Designing for Speed
Using CSS Sprites and Tactical Design Strategies to Speed Up Your Theme

We recently upgraded our intranet that we use for internal planning and communications to Drupal 6. As part of the upgrade, I wanted to redesign the interface to make it faster. From the start I wanted to push the limits of the design within the constraint that every major graphical element should come from a CSS sprite — i.e. a single image that holds all the different graphical components needed. This reduces the number of HTTP requests per page which is a major factor in perceived performance. While CSS sprites are most commonly used for things like buttons, navigation, and icons, I wanted to try something a little more daring – get nearly every graphical component in the theme including the logo, header, default user pictures, and bleeds into a single request.

While it’s actually not technically possible to achieve all design possibilities by using a single sprite, good planning allows you to get away with more than usual. You can see the main image above that gets sliced and arranged in CSS into the final theme clocks in at a modest 29k. By comparison, the standalone jquery library compressed is 15k.

The following are prerequisites for a designer who’s interested in taking this approach:

  • You need to have a strong working knowledge of CSS and HTML
  • You need to have the DOM and specific markup for implementation in mind at all times while designing
  • You need to be willing to make design decisions on the basis of performance factors

I can’t stress #1 and #2 enough. Being intimately familiar with the final medium of delivery is crucial to any designer or artist’s success and planning around the strengths of CSS and HTML and the specific markup that Drupal generates is particularly important. Here are, for example, some performance-oriented decisions that I made while approaching our design:

  • Limiting the color palette of our icons to a small set of shared colors and gradients. This allows them to appear sharper and richer when the final sprite is saved as an 8-bit indexed image to increase speed.
  • Limiting the number of bleeds, gradients, and other graphical flourishes on the site, and making the shared ones as robust and multi-purpose as possible.
  • Using a fixed-width layout with thin (780px) and wide (960px) variants rather than a fluid width theme.

The final theme in action looks like this:

The switch from dozens of images in the theme to a CSS sprite has added a noticeable zip to our team intranet. In an upcoming post, I’ll describe some of the other build decisions and tools we used to increase Drupal’s speed.

8 Comments
sprites vs. cache

Since this is an intranet page, and almost all of the client browsers probably have all the images cached (if you are setting the headers appropriately), how does this really offer any advantage? I was under the impression that the css sprite technique was only really relevant for pages where the visitors are mostly new users who don’t have anything in the cache yet.

Nathan, what you say is

Nathan, what you say is certainly true. Using a CSS sprite offers the greatest benefits for a public facing site with a lot of new visitors. However, my experience with header caches is that they are less respected by browsers than you might expect.

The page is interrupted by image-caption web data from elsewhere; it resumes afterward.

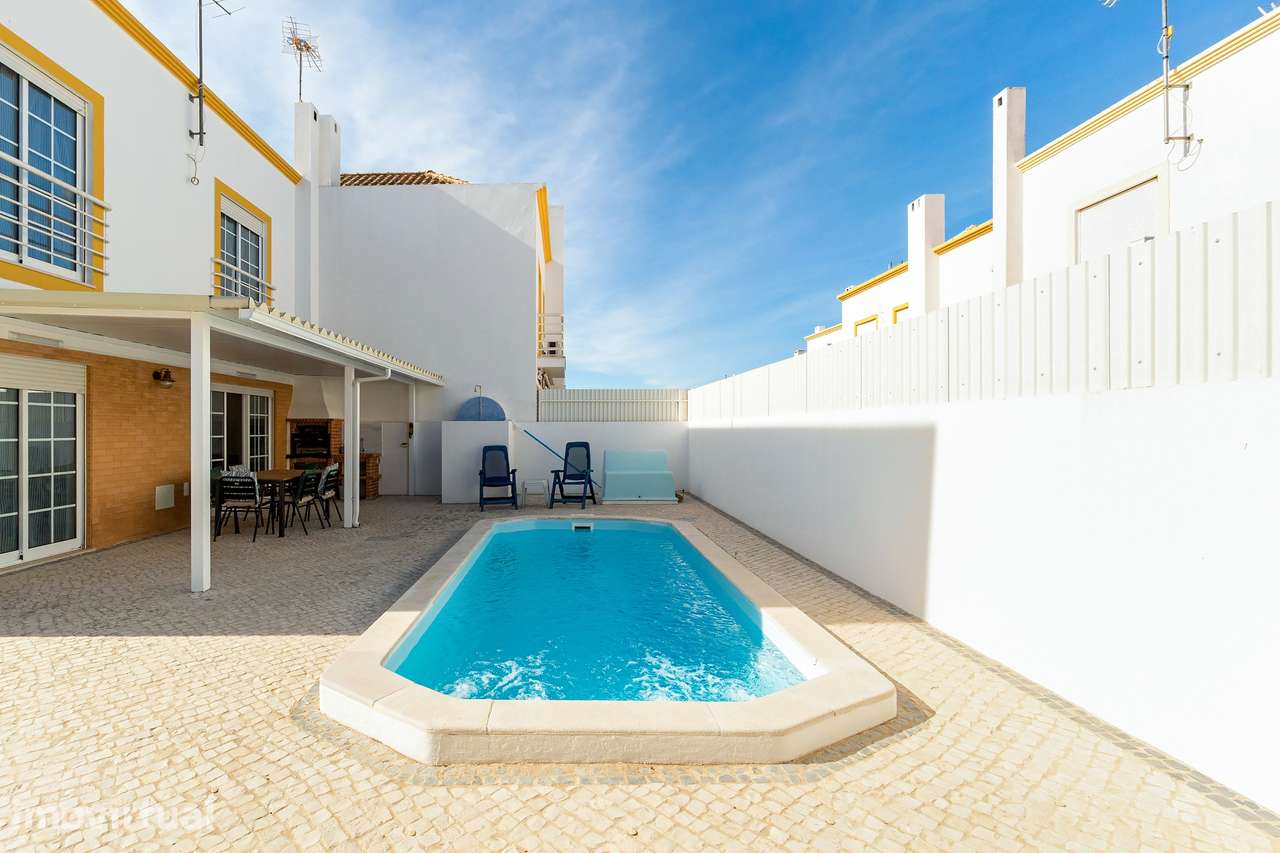 Moradia V4 com Piscina Privada no Sotavento Algarvio — Vila Nova de Ca - Grande imagem: 4/38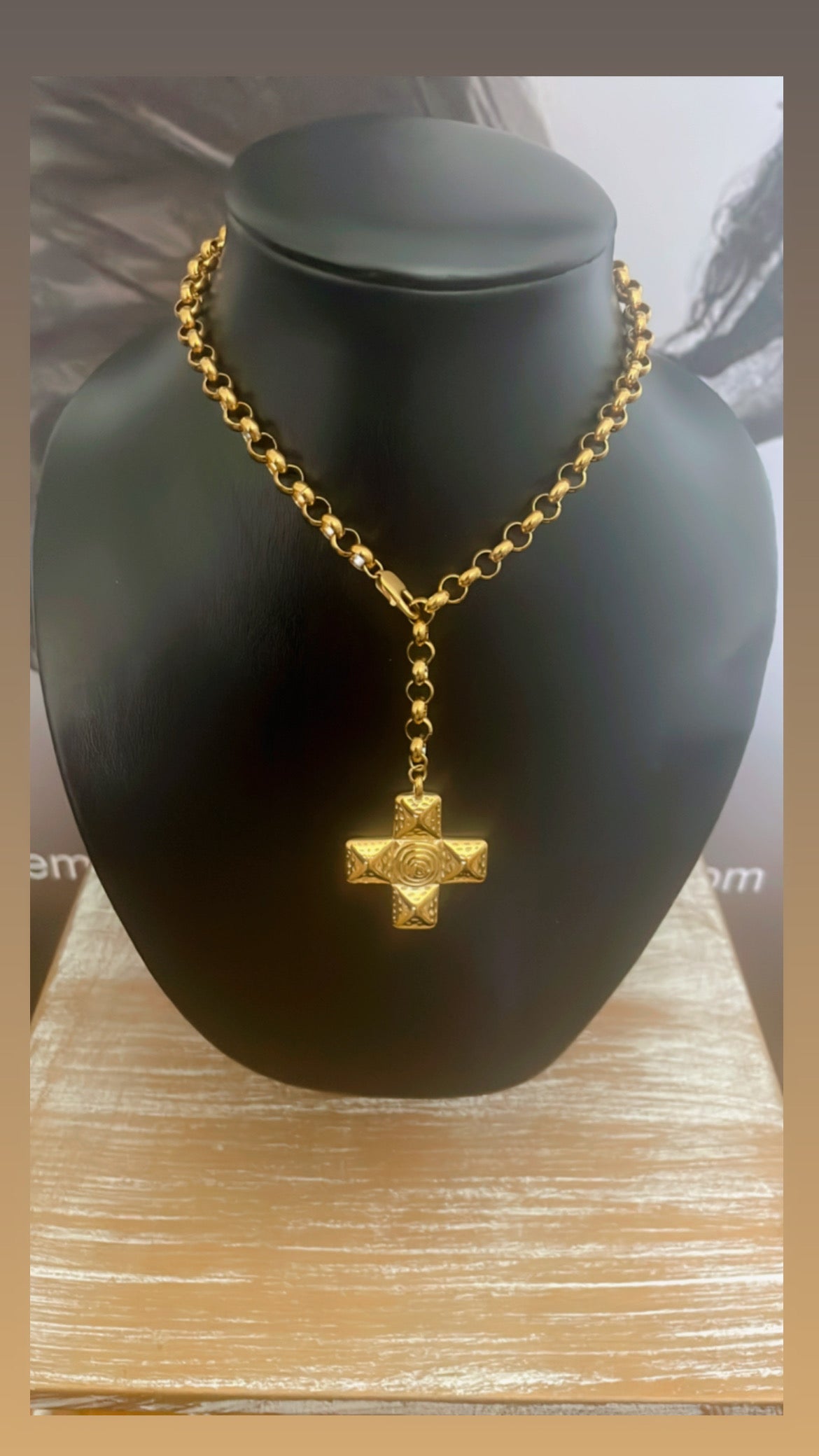 Collier avec croix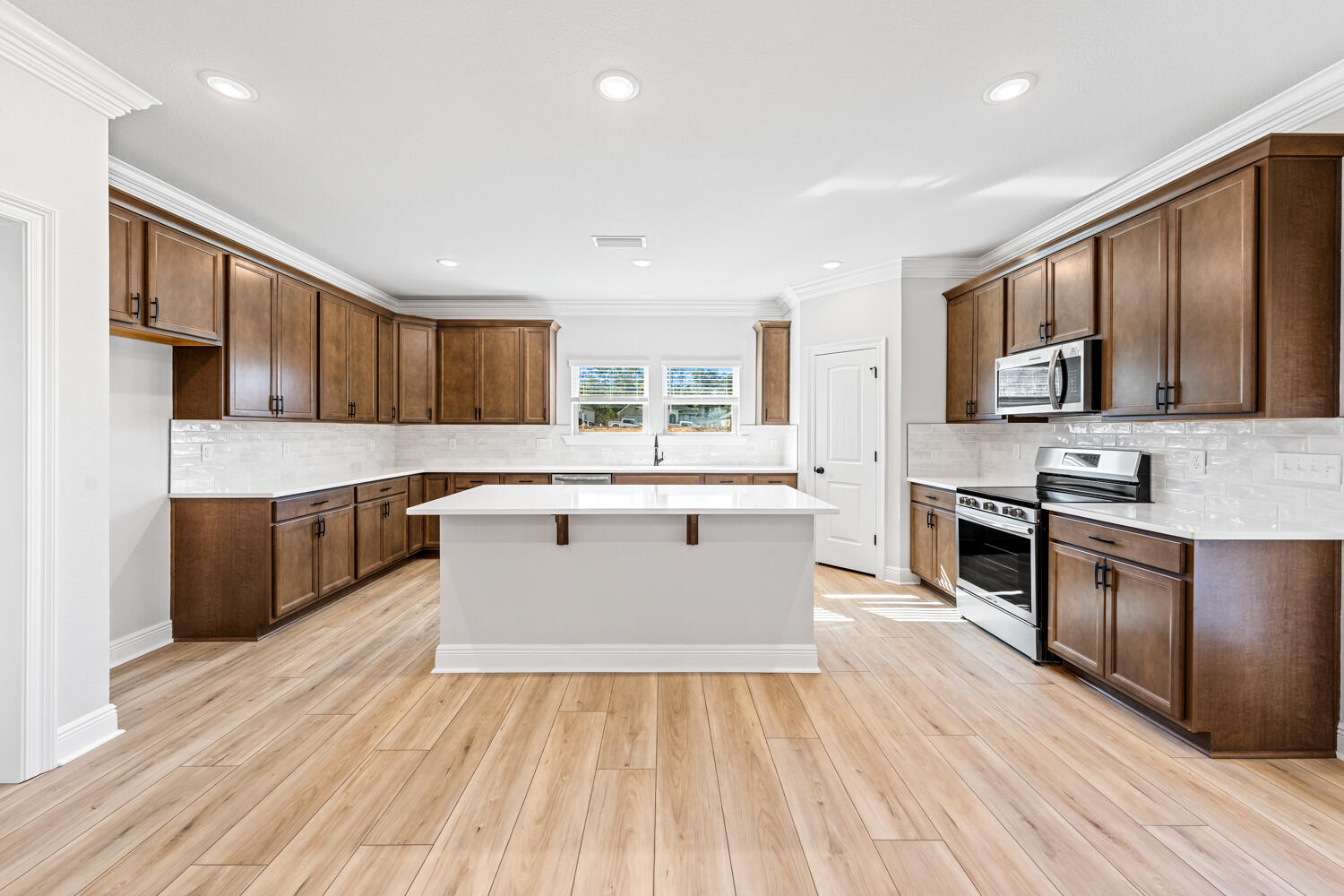 2743 Louis Circle
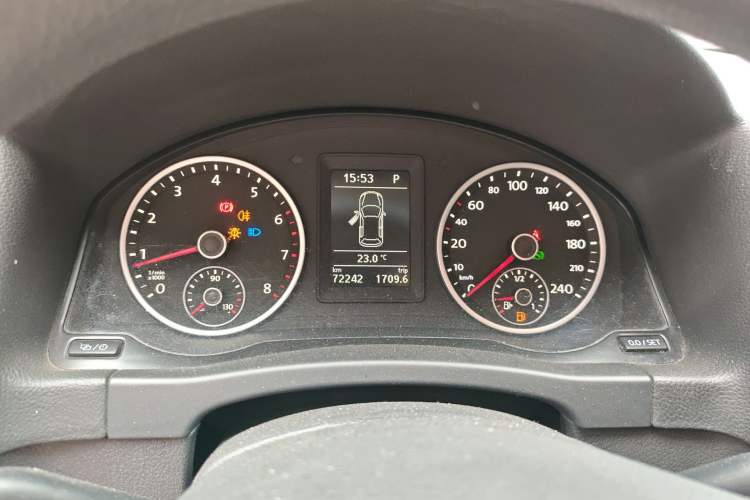 Used Volkswagen Tiguan 2016 280TSI Automatic Two-Wheel-Drive Silk Road Style Edition Instrument Cluster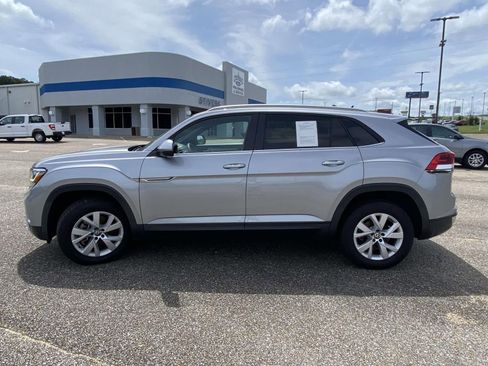 Used 2020 Volkswagen Atlas Cross Sport S FWD image 4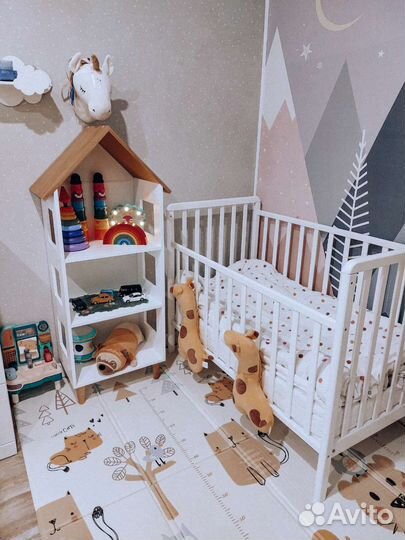 Детская кроватка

Also calling our site a “team intranet” though is something of a lie : ) it’s also what we use to communicate with all of our clients and other developers on projects so it gets its fair share of new users and traffic.

hawt!

hawt!

Crazy!

Wow! The additional development overhead of doing sprites is often difficult to justify, however wht you took on is VERY ambitious. I’d dare say CRAZY!

Awesome!

Did you consider or try doing it in exactly TWO sprites; one for elements with fixed height, and the other for elements with fixed width?

Hey Bevan, This is a very

Hey Bevan,

This is a very good idea! There are some issues you will run into even with this split approach. What I’ve found to be the most limiting factor is background position/alignment. For example, if you need to put a bleed or fade at the bottom of an element with variable height, you

1. need to actually have it at the bottom of your sprite to have the css background-position: bottom property work.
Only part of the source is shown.